By nature, a screenplay is effectively a blueprint—a kind of instruction manual for assembling a movie. By nature, it isn’t written for the enjoyment of the consumer. So it’s unnatural when reading a screenplay feels natural: pleasurable.

But isn’t a screenplay meant to tell a story too?

Yes, of course. But, in a screenplay, that conveyance of the story is stilted—structured in a way that it is inevitably non-narrative: not easily read with the familiar, graceful sentence-to-sentence and paragraph-to-paragraph flow of the standard narrative form, such as you would expect in a short story or novel. 

No, the screenplay is broken up visually into a series of mismatched text chunks of varying widths, alignment justifications, andimage capitalization rules, something like this:

So it’s a strain to the reader’s mind to consistently entertain and maintain the flow of the story as it hopscotches its way through the tangled form of the screenplay.

In spite of all this, reading this William Goldman screenplay—in fact, reading just about any of his screenplays—was as captivating as reading a good novel. Which should come as no surprise, given his own words on this:

“I try to make my screenplays as readable an experience as I can, for a good and greedy reason—I want the executives, who read them and who have the power to greenlight a flick, to say, ‘Hey, I can make money out of this.’” (from his book Four Screenplays with Essays)

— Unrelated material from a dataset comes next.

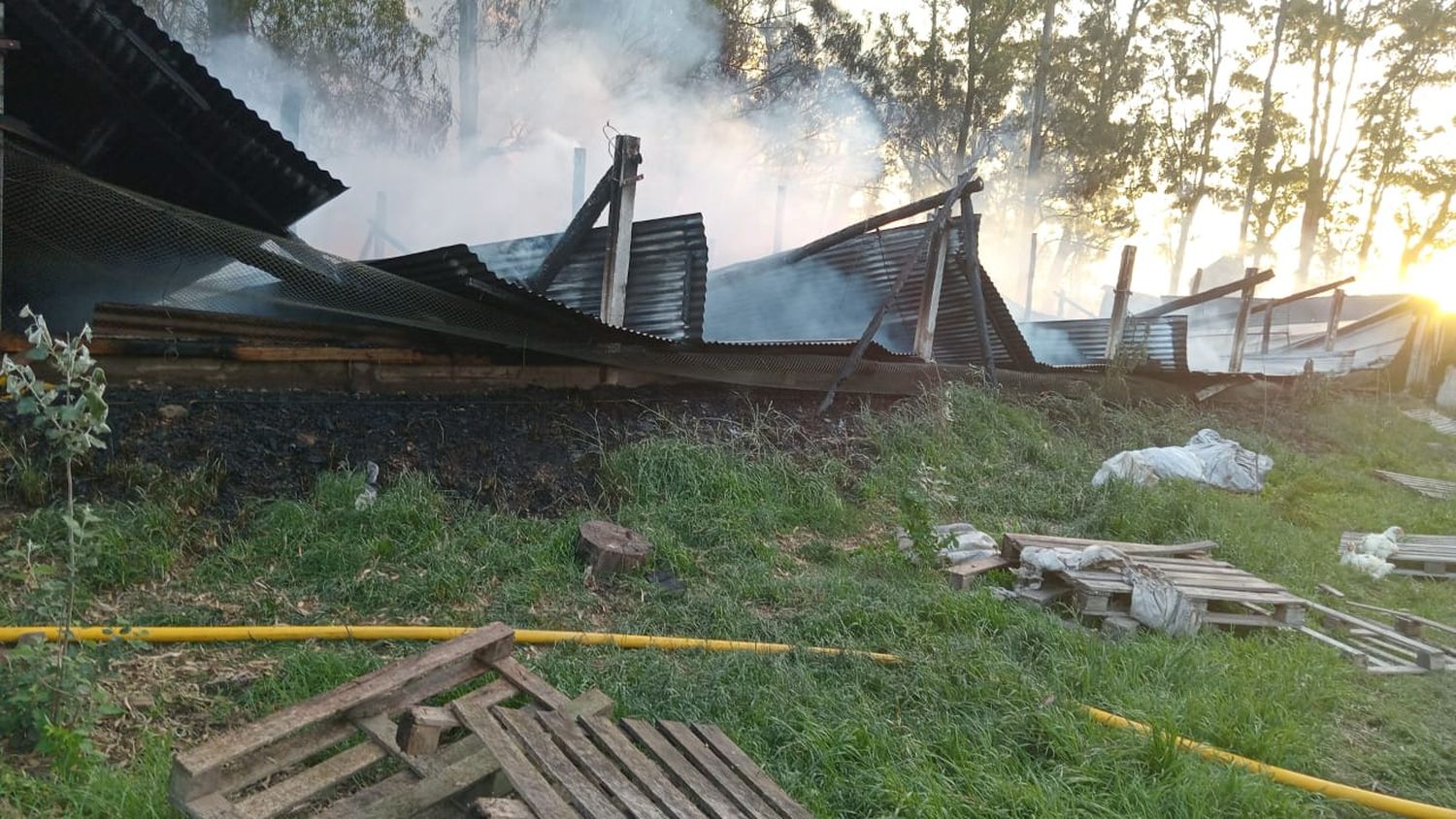 Se incendió una granja y se quemaron tres mil pollos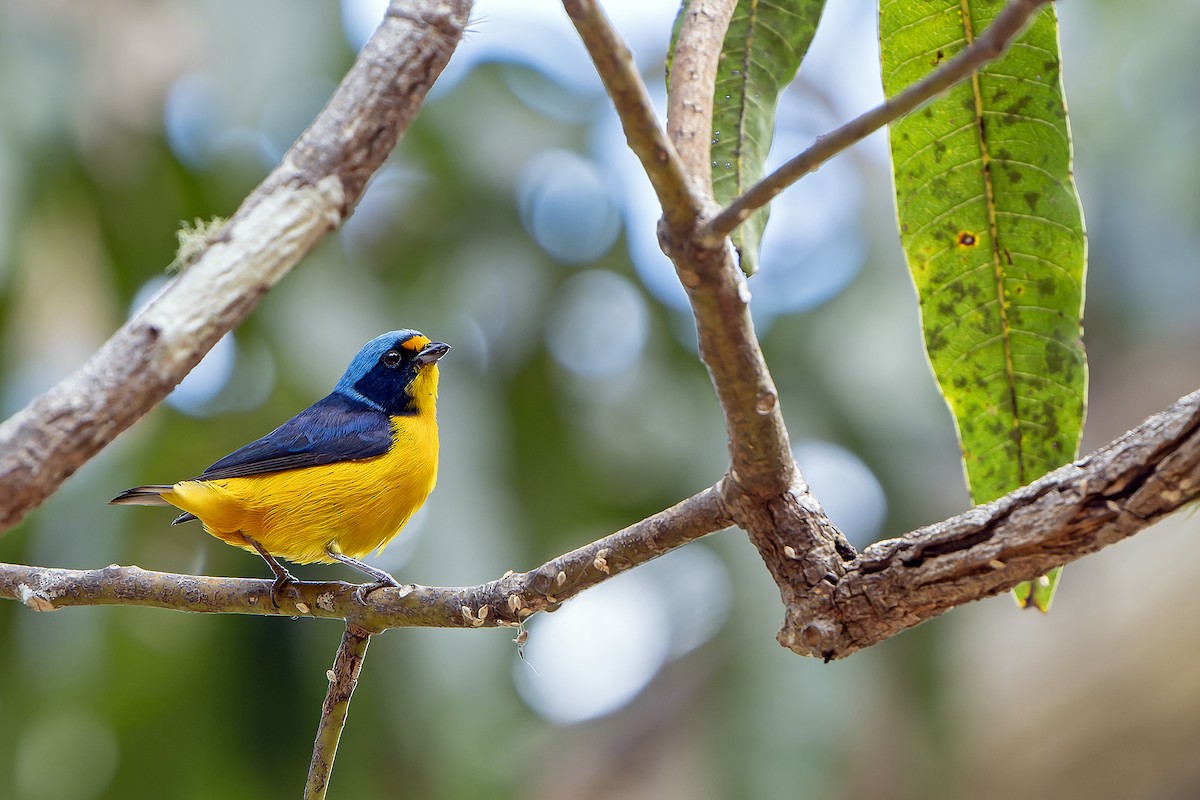 Puerto Rican Euphonia - ML637640943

From that same book, in his essay about writing the Butch Cassidy and the Sundance Kid screenplay, he points out that:

“We all want the movies we write to get made. And that’s only going to happen if someone likes the script. Executives read a guh-zillion scripts on the weekend. It would be idiotic for me not to have him try and enjoy the ride.” (William Goldman)

That’s a great thing for me to remember as I approach the transition from constructing the step outline to writing the screenplay, as I now am. While it’s important to follow the industry-standard constructs of the screenplay format—to not do so could be a distraction to the reader—doing so doesn’t prevent the writer from making the process of the reading more enjoyable for the executive than the guh-zillion others they’re reading this weekend.

Consider an example of this from The Princess Bride screenplay:

Finally INIGO goes back to cliff edge, starts to talk. It’s instant death if the MAN IN BLACK falls, but neither gives that possibility much credence. This is our two heroes meeting. They don’t know it yet; but that’s what it is.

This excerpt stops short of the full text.